The House Health & Human Services Committee on Thursday conducted its first --- and last --- workshop on COVID-19 liability protections for health care providers.
The committee heard from representatives of hospitals, physicians and long-term care facilities who said the Legislature needs to make changes to protect them from a potential flood of lawsuits, while trial attorneys said current law provides adequate protections and that providing immunity will do more harm than good.
The discussion came after the House Civil Justice & Property Rights Subcommittee on Wednesday voted 11-6 along party lines to approve a bill (HB 7) that would offer COVID-19 liability protections for businesses. But that bill does not include health care providers, setting the stage for a separate debate about the health care industry.
While the issues in both House panels centered on liability protections, some lawmakers have wondered whether the Legislature should also consider providing protections to workers who were exposed to COVID-19 on the job.
Supporters of shielding health care providers from lawsuits point to the roles they have played during the pandemic.
Amanda Maggard, president and CEO of AdventHealth Zephyrhills and AdventHealth Dade City, told the Health & Human Services Committee that hospitals and their front-line staff stepped into harm’s way.
Hospitals have faced significant challenges, from a lack of personal protective equipment to thinly stretched staff. Despite that, Maggard said hospitals have been at the forefront in such things as helping nursing homes care for patients with COVID-19. She also said county health departments and local governments have relied on hospitals for guidance and support.
“Leadership at the front line comes with risks,” she said. “In these unprecedented times, we urge you to help us mitigate these risks. The pandemic has forced changes in the delivery of care, and the liability implications are immense without greater protection.”
The Republican-led Legislature is expected to fast-track lawsuit limitations during the 2021 session, which starts March 2. Just how far the House and Senate go with those protections, however, remains to be seen.
Health & Human Services Chairwoman Colleen Burton, R-Lakeland, said Thursday’s discussion would be the only workshop held by her committee. Burton also said she expected any bill related to health care liability protections to come from a member and not the committee.
Physicians, hospitals and nursing homes were among the first groups to call for lawsuit protections during the pandemic, but they weren’t included in the bill that cleared the House subcommittee on Wednesday or in the Senate version of that bill (SB 72).
Coral Springs physician Jason Goldman told members of the Health & Human Services Committee about worries that a government-ordered shutdown of elective procedures and preventive screenings during the early stages of the pandemic will lead to an increase in litigation.

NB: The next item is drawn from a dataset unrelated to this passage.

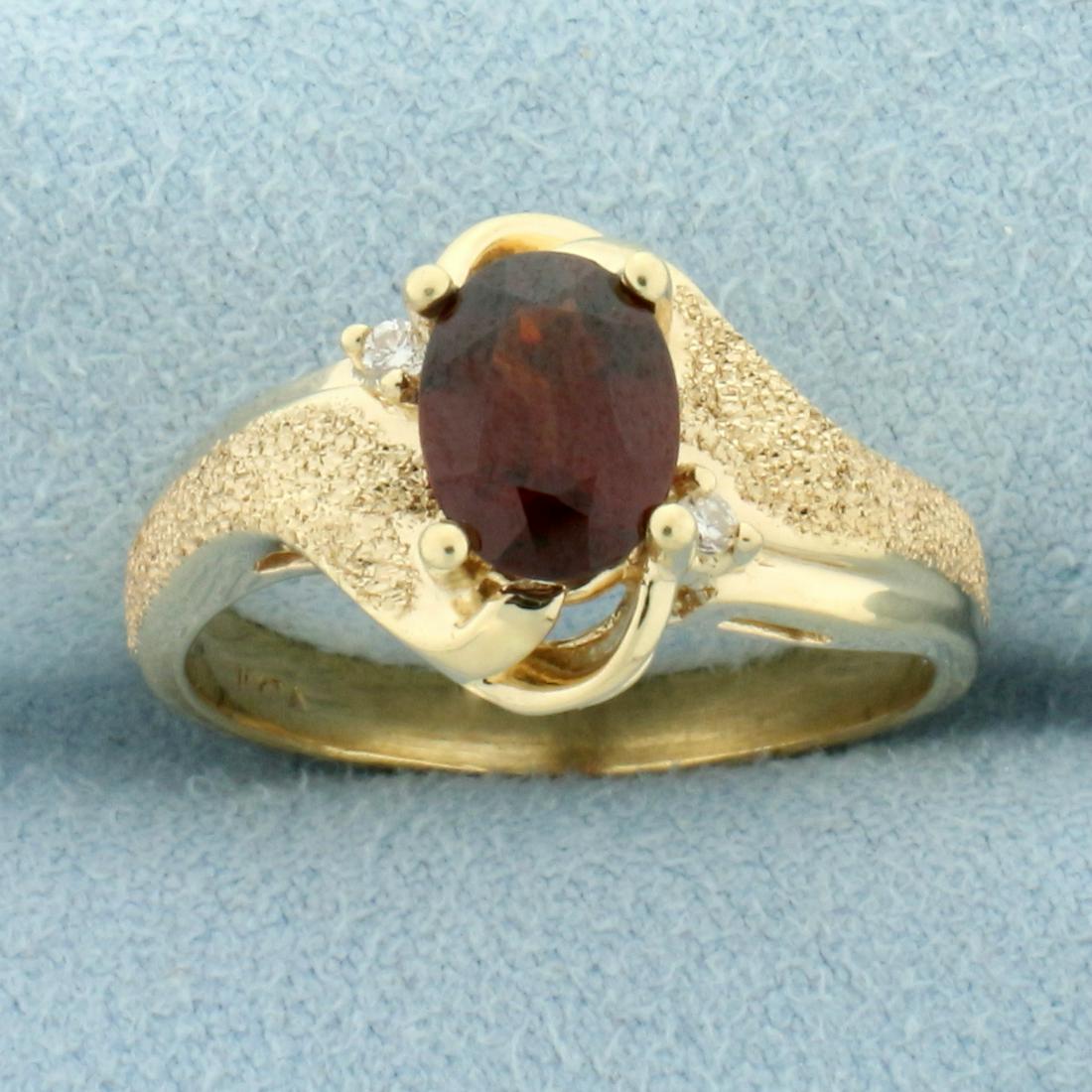 Vintage Garnet Ring in 10k Yellow Gold: In 10k yellow gold. Contains a high quality natural 1.25ct Garnet gemstone with intense color and excellent clarity. Size 8 1/2. 4.7g.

“It put the patients at risk for other conditions, even though we were trying to stop the spread of the pandemic. So patients were not able to get their routine procedures and evaluations. And what I am seeing months later is diagnoses for cancer and other conditions that had to be delayed for obvious reasons,” Goldman said. “And I worry about the liability, that they are going to now go on to claim there was a delay in their cancer diagnosis through no fault of my own or the medical profession but because we are in a pandemic and everything had to be shut down.”
But Jacksonville trial attorney Thomas S. Edwards said health care providers already have legal protections, such as pre-suit requirements before medical-malpractice claims can be filed.
Also, Edwards said that “if a doctor can’t get PPE (personal protective equipment), or can’t get their staff in because people are in quarantine, we can’t sue for that.”
Goldman told the committee he was worried that his staff was getting exposed to COVID-19 while on the job.
“As we know, some patients are without any symptoms, while others are extremely ill. I don’t turn anyone away,” he said. “With that, I still have to protect my staff as well as myself, and the issue of a patient coming in and either not being truthful with their symptoms or not knowing they have COVID symptoms puts them at great risk and puts us at great risk. So I worry that there may be an issue of my staff being exposed as well as myself being exposed and the potential liability of that.”
While Edwards didn’t agree the Legislature should limit lawsuits, he sympathized with Goldman about workplace safety. He told committee members tthey might want to consider making changes to workers’ compensation laws to better protect workers during the pandemic.
Data compiled by the state Chief Financial Officer Jimmy Patronis’ office show that 25,784 COVID-19-related workers’ compensation claims had been filed as of Nov. 30. Nearly 44 percent of those claims had been denied, according to the report. Of the denied claims, more than 44 percent were filed by health care workers and protective services, which includes first responders.
“You need to address that. Our health care workers deserve better than that,” Edwards said. “And if they get sick while they are forced to go on the front lines to deal with people with COVID every day, they should get protection through workers’ comp.”
Burton said she wasn’t aware that workers’ compensation claims were being denied but said it was one of “many questions that’s going to have to be answered moving forward.”